Devotional using scripture, quote from John Calvin and thoughts for the day each day- on the 500th anniversary of Calvin's birth.

And when you pray, do not be like the hypocrites, for they love to pray standing in the synagogues and on the street corners to be seen by others. Truly I tell you, they have received their reward in full. But when you pray, go into your room close the door and pray to you Father who is unseen. Then your Father, who sees what is done in secret, will reward you. And when you pray, do not keep on babbling like pagans, for they think they will be heard because of their many words. Do not be like them, for your Father knows what you need before you ask them. (Jesus- Mathew 6:5-8)

Calvin: But, someone will say, does God not know, even without being reminded, both in what respect we are troubled and what is expedient for us, so that it may seem in a sense superfluous that he should be stirred up by our prayers—as if he were drowsily blinking or even sleeping until he is aroused by our voice? But they who thus reason do not observe to what end the Lord instructed his people to pray, for he ordained it not so much
for his own sake as for ours…Therefore they act with excessive foolishness who, to call men’s minds away from prayer, babble that God’s providence, standing guard over all things, is vainly importuned with our entreaties, inasmuch as the Lord has not, on the contrary, vainly attested that “he is near... to all who call
upon his name in truth” [Psalm 145:18, cf. Comm. and Vg.]. Quite like this is what others prate: that it is superfluous for them to petition for things that the Lord is gladly ready to bestow, while those very things
which flow to us from his voluntary liberality he would have us recognize as granted to our prayers. That memorable saying of the psalm attests this, and to it many similar passages correspond: “For the eyes of the
Lord are upon the righteous, and his ears toward their prayers” Peter 3:12; Psalm 34:15; cf. 33:16, Vg.]. This sentence so commends the providence of God—intent of his own accord upon caring for the salvation of the godly—as yet not to omit the exercise of faith, by which men’s minds are cleansed of indolence. The eyes of God are therefore watchful to assist the blind in their necessity, but he is willing in turn to hear our groanings that he may the better prove his love toward us. (III.20.3)

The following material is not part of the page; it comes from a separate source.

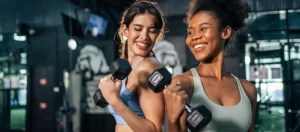 two ladies had fun working out at the gym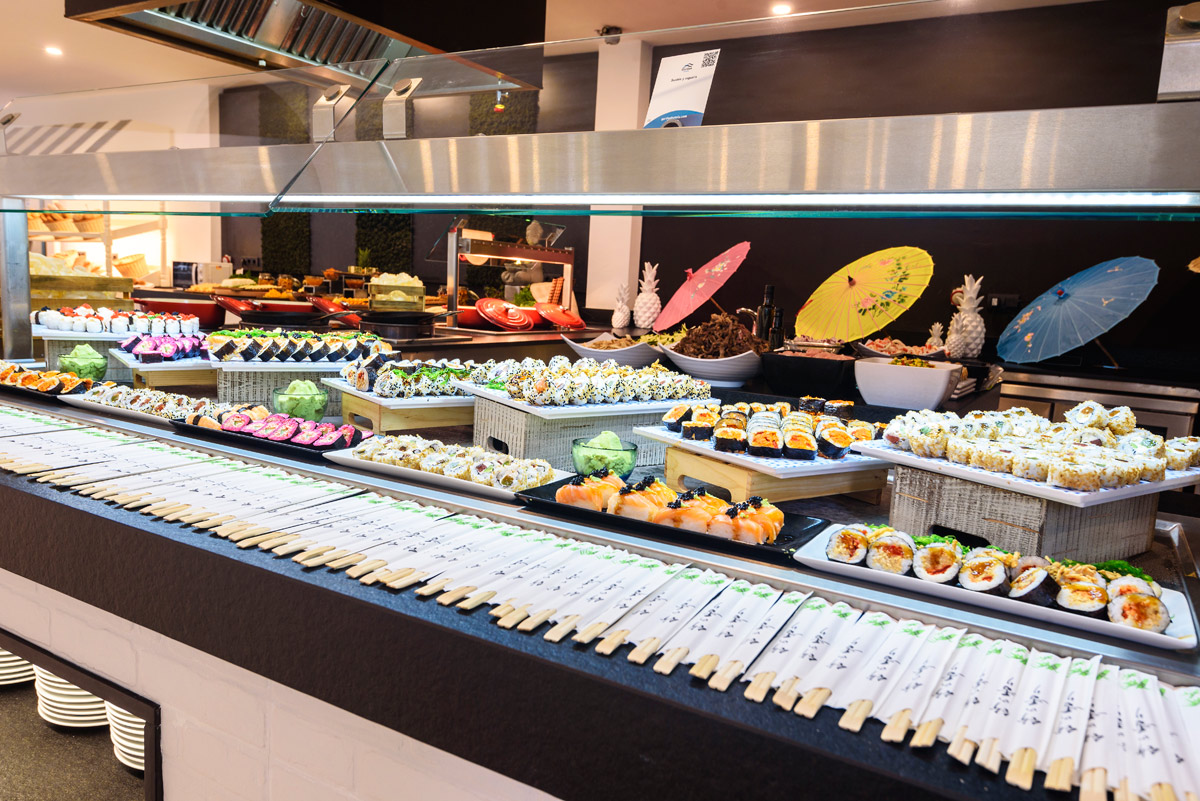 Sushi bar display at Playa Garden Selection Hotel & Spa with numerous rolls and sashimi arranged in trays, colorful parasols and pineapple decorations in background.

Jesus said that God knows what you need before you ask him. Yet Jesus still says to pray. In fact, Jesus indicated that God longs for us to talk to him and ask of him- “seek and you will find, ask and it will be given to you, knock and the door will be opened to you. Jesus sees no conflict between God’s foreknowledge and our need to pray. He does see a conflict with God’s foreknowledge and repetitive babbling in prayer. He also sees a conflict between praying for show and God’s omniscience. God knows our hearts when we pray.
Similarly, people have always criticized Calvin’s emphasis on God’s foreknowledge or foreordination and doing anything- including prayer. The similar criticism is that if God has already planned it, then why do anything (including pray)? Typically, Calvin’s first line of defense is the scriptures themselves. Calvin didn’t just make up this stuff on his own. We pray because God has told us that it is important in scripture- no matter what we believe about predestination or foreordination or God’s omniscient foreknowledge. If it is no conflict to God, to Jesus, to the people of God, then it should be something we can live with as well. Second Calvin gives philosophical reasons. God includes our prayers in His plans and knowledge. God doesn’t know and plan despite us- but through us- and in a sense with us. He incorporates our prayers and the answer to our prayers into his design. Finally, there is the human element. For Calvin, prayer is more for us. It is for our benefit that we would learn to be grateful to God, to worship God, and to experience the reality of God in our lives.
Today is National Day of Prayer. It is a day to pray for our nation, and our nation desperately needs it. We have turned away and it appears we are still turning. Last week I read a survey that said that despite all the problems in our country- economic downturn, war, plague, church attendance has not increased. I believe this is the first time in the history of our country that when troubles come we do not come back to God in humility and worship. There are prayer meetings all over the country today, and it would be great to take part either by going or in prayer.

Prayer: Thank you God for the gift of prayer. Help us to use that gift today. Here our prayer for our country and for us. Amen.